Comparative Evaluations allow you to run multiple evaluations using the same dataset (linked by dataset_id) and compare their results side-by-side. This is particularly useful when you want to benchmark different models, prompts, or configurations against each other.

The comparison view allows you to:

Setting Up Comparative Evaluations

The below steps are the same as the dataset flow in Evaluations tab. Follow these steps to set up and run comparative evaluations.

Steps

1

Setup Evaluators

Evaluators can be setup either client-side before logging the events or processed server-side post ingestion. Setup server side evaluators that evaluate the sessions and events from the evaluation.

2

Setup input data

Create a dataset by uploading dataset or from events logged at honeyhive.

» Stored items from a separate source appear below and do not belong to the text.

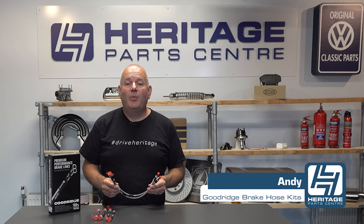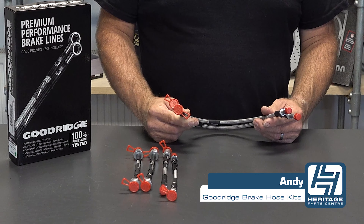Hi, I'm Andy from Heritage Parts Centre and today I'll be talking to you about the Goodridge Stainless Steel Brake Hose Kits.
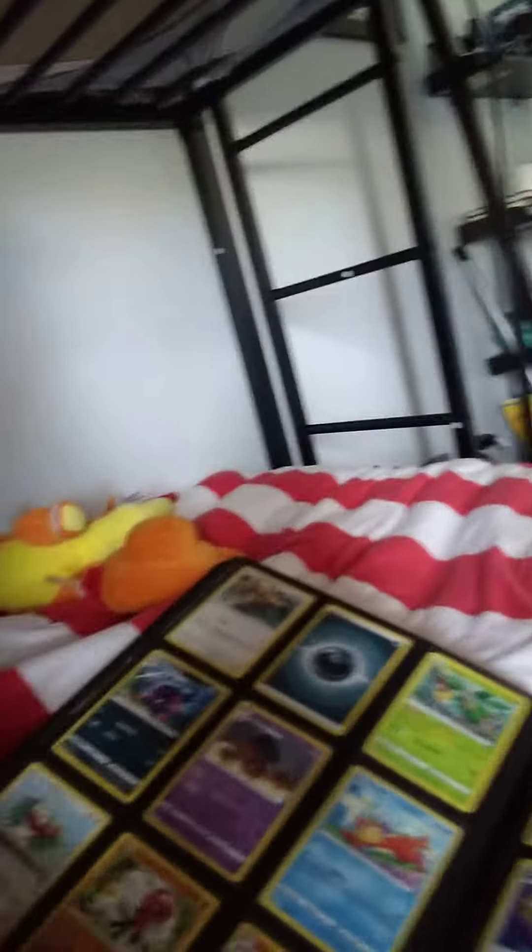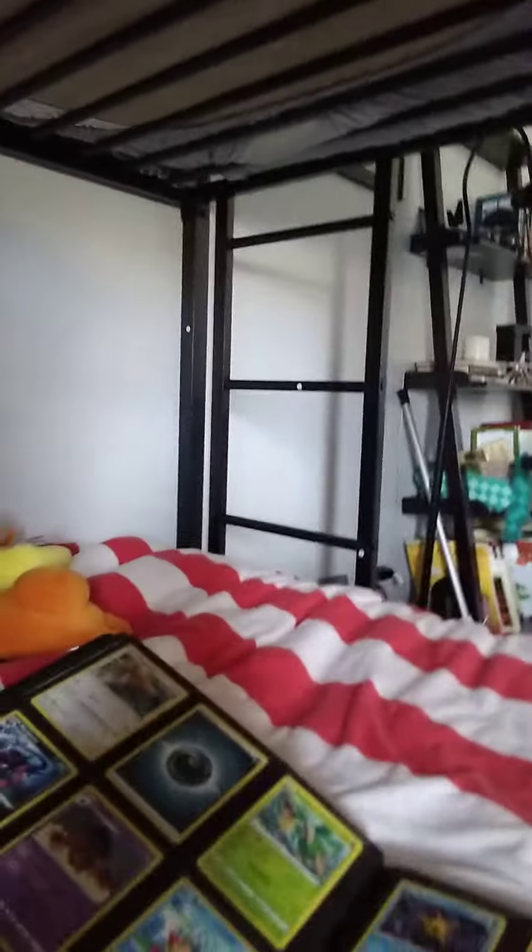Wait, these are not the good cards. Okay, so we have these, these, these, these, these.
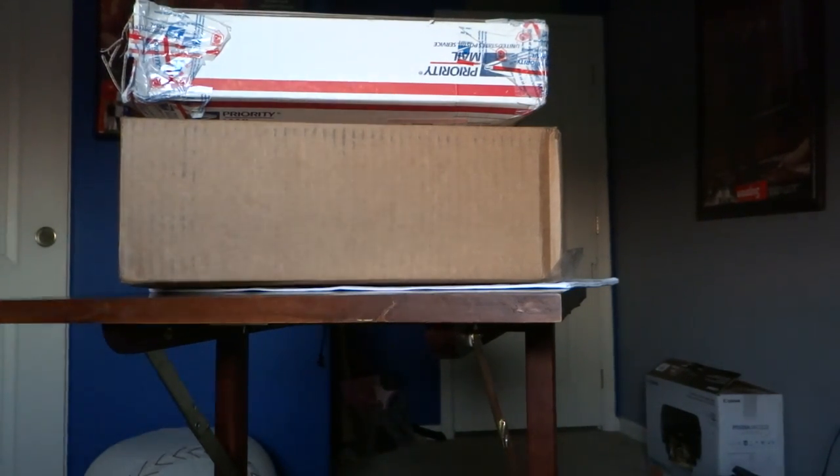What's up YouTube? As you can see, I got a few packages in today. It's a little bit dark because it's kind of late. I got family over too, so I want to do this video real quick. Started off with the package I got today.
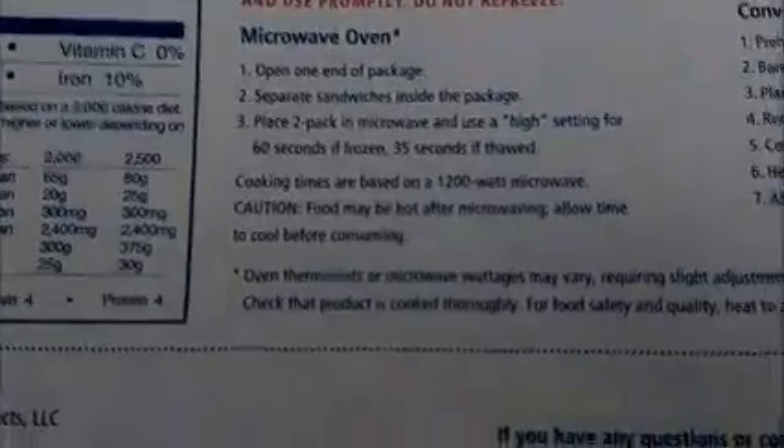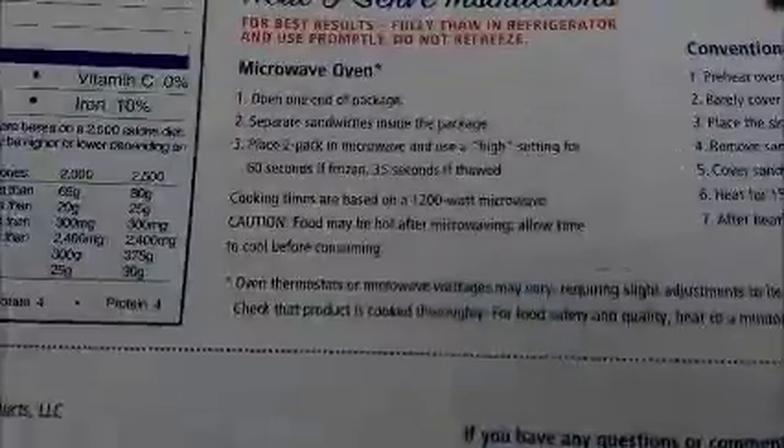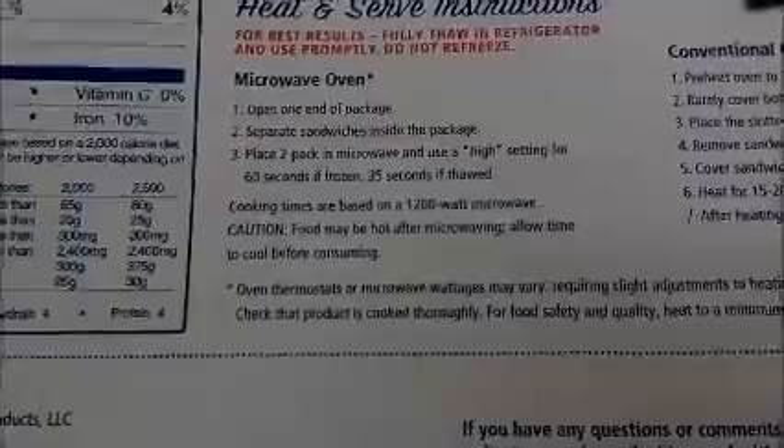Typically after a fire you want to put water on to put it out, but we didn't have to. So now I've put one of these in the microwave. It's saying put this into the microwave for 60 seconds, otherwise known as a minute.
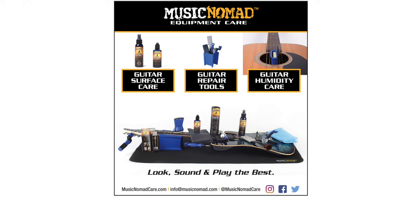For more videos on how to perform guitar setups or care for your frets, subscribe to our channel and visit MusicNomadCare.com for all our products and how-to videos.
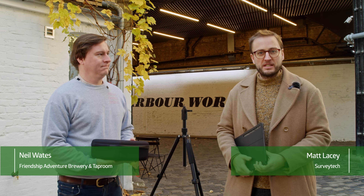Hello, it's Matt from SurveyTech and this morning we are going to be scanning a brewery. I'm going to be teaching my friend Neil that making a digital twin is the second easiest thing that you can do in a brewery.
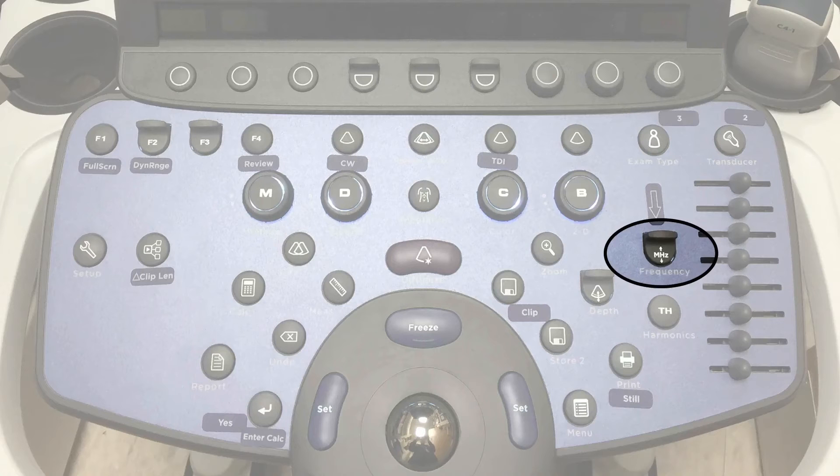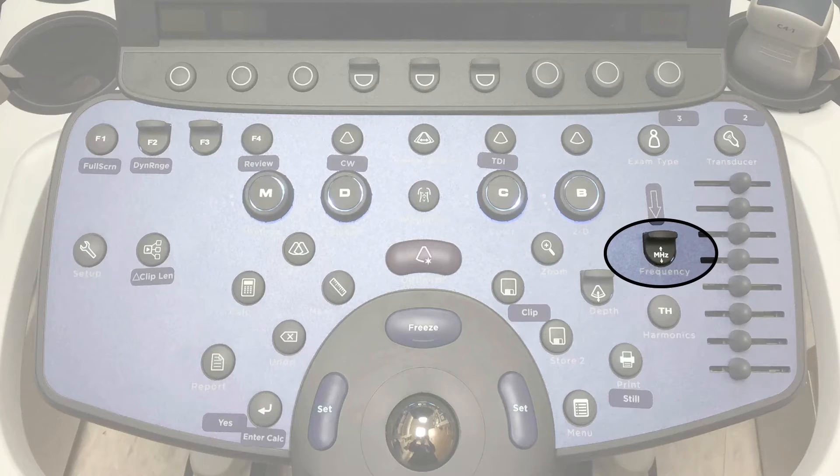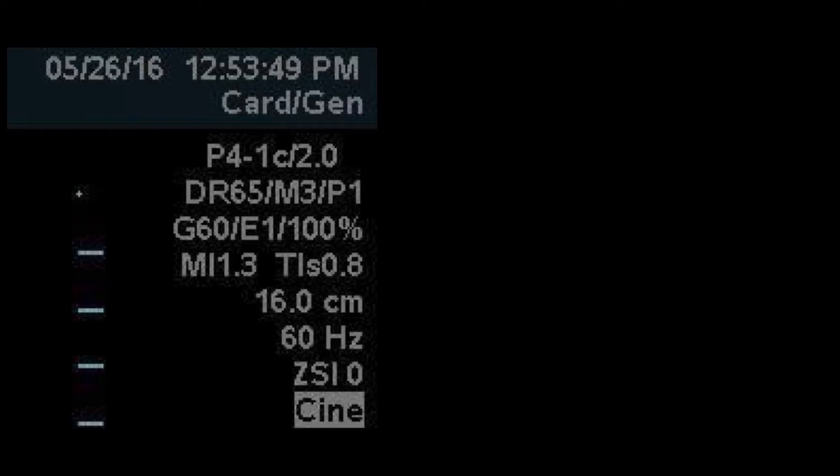To optimize your images, there are several controls you will use. The first is the frequency, where toggling down or up will increase or decrease your frequency. Compared to other systems which may only display general or pen labels for higher, mid, and lower frequency, the Zonari will actually display the frequency number.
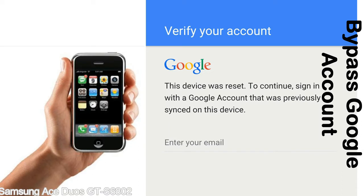Actually, this FRP lock is developed by Google and we provide our FRP unlock solution for free. Today here we are providing the methods to unlock FRP lock phones. You can use this solution for almost all FRP lock devices.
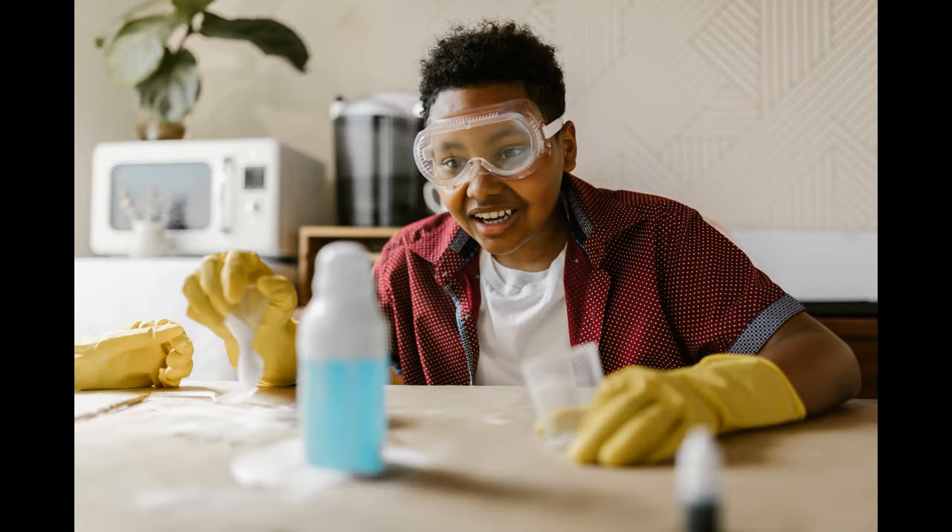Before we start, let us tell you something about this experiment. This experiment is very simple. The equipment looks a bit basic, but in doing this experiment, it is an almost magical experience.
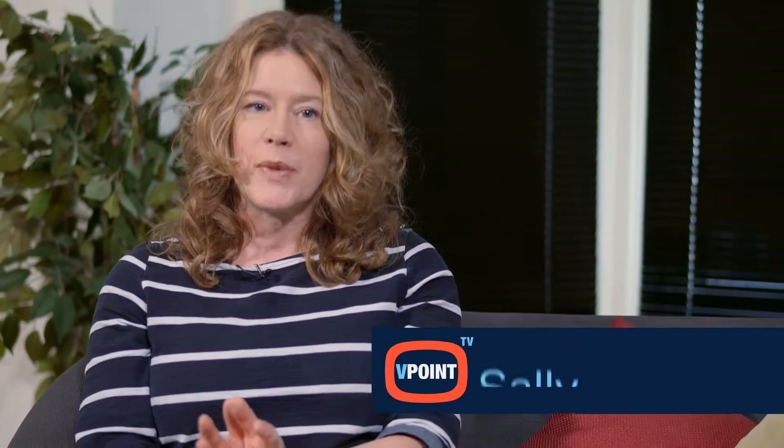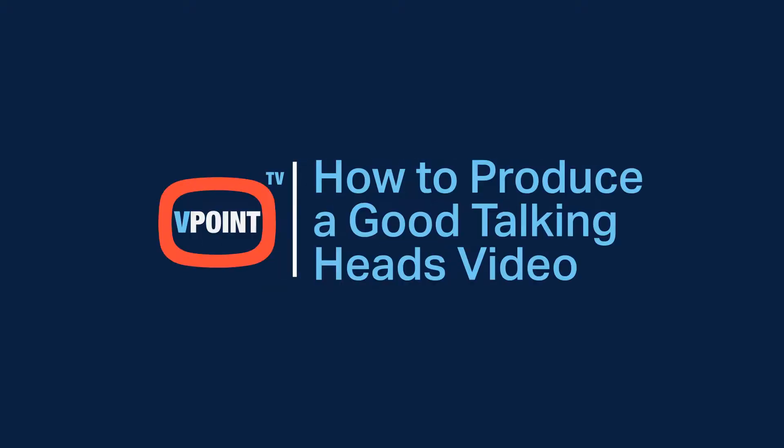Your people have plenty of expertise and information to share with your customers and clients, and you know they will be really good on video. But whether they're presenting to camera, using autocue, or being interviewed, what are the tips and tricks you need to know to make the best possible Talking Heads video?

Each datapoint is a different scenario you want to evaluate.

Datapoint in sample dataset with mapped inputs.

3

Create the flow you want to evaluate

The function to evaluate should accept a parameter input. This parameter refers to an object that maps to each datapoint or json passed to the evaluation.

The value returned by the function would map to the outputs field of each session in the evaluation.

4

Run evaluation

Viewing Comparative Results

To view and compare evaluation results:

  1. Navigate to the ‘Evaluations’ section in your HoneyHive dashboard.
  2. Select an evaluation to compare.
  3. Click the ‘Compare with’ button to select other eligible evaluations.

Advanced Comparison Features

1. Aggregated Metrics

HoneyHive automatically calculates and compares aggregates from:

  • Server-side metrics
  • Client-side metrics
  • Composite metrics at the session level

2. Improved/regressed events

Filter for events that have improved or regressed in specific metrics.

Select the metric and operation you want.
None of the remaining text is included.